Thatcher: A Destroyer of Communities

I very rarely speak ill of the recently departed. But I have little affection for Margaret Thatcher who died today.

When she became Prime Minister in 1978, she used the words of St. Francis to define the tenets of her new government, “Where there is discord, may we bring harmony. Where there is error, may we bring truth. Where there is doubt, may we bring faith. And where there is despair, may we bring hope."

However she practiced the complete opposite and brought division, suffering, unemployment and poverty to so many communities across Britain and Ireland. Her political philosophy of individualism, light touch business regulation and free markets, was anathema to me and as a young radical in the early 1980s, I took part in many protests against her policies including that of the H-Block prisoners. 

Her government operated a dirty war in Northern Ireland and controlled Loyalist death squads that killed nationalist civilians. When IRA hunger striker Bobby Sands was elected MP with a bigger mandate than she ever achieved, she had the law changed to stop prisoners from participating in parliamentary elections. She supported right-wing anti-democratic terror regimes in countries such as Pinochet's Chile, Saudi Arabia and apartheid South Africa.
Thatcher with Pinochet
She was the chief ally of a United States that openly funded military puppet regimes in Central and South America that launched vicious wars of oppression against their own peoples.

US President Ronald Reagan and Thatcher were united in building a new expensive generation of nuclear missiles (Cruise & Pershings) that were to be placed on British and European soil. This decision spawned an international peace movement that included the huge female peace camp outside the RAF base at Greenham Common Berkshire where these weapons were to be sited.
Thatcher used all the forces of the state to destroy traditional mining communities in England. 

She took away local government in London when she abolished Greater London Council (GLC) then led by Ken LivingstonThatcher privatised key sectors of the economy to the detriment of the British people, oversaw the loss of many of nation's manufacturing industries and the growth of the financial services. Britain no longer had an international image of being a country that made and exported things. Instead London became instead an international centre for banks and financial houses which spawned a generation of young bankers and stock traders who arrogantly portrayed themselves with a 'Greed is Good' ethic. The peoples of Northern England particularly suffered immensely under her rule as the large manfactured industries closed down and as the new financial services gravitated towards the south. 
The Poll Tax left to high levels of civil unrest.
She left Britain a deeply divided unequal society. 
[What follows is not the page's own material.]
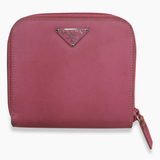 Pink Nylon Wallet taske fra brand: PRADA - We Do Vintage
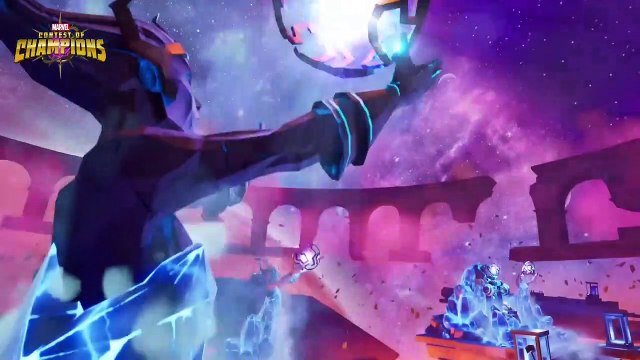 Marvel Contest of Champions - Official Thor vs the God Slayers Trailer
"Nobody would remember the Good Samaritan if he had only good intentions. He had money as well." (Thatcher 1980)
Thatcher with Rupert Murdoch
She assisted the news corporations to undermine the media trade unions and to monopolise ownership of a press that became a mouthpiece for big business.

A quote from an interview that she gave in 1987, best summaries her life’s work, “there's no such thing as society. There are individual men and women and there are families".  Such a philosophy has little time for the weak and community and only promotes greed, selfishness and egotism.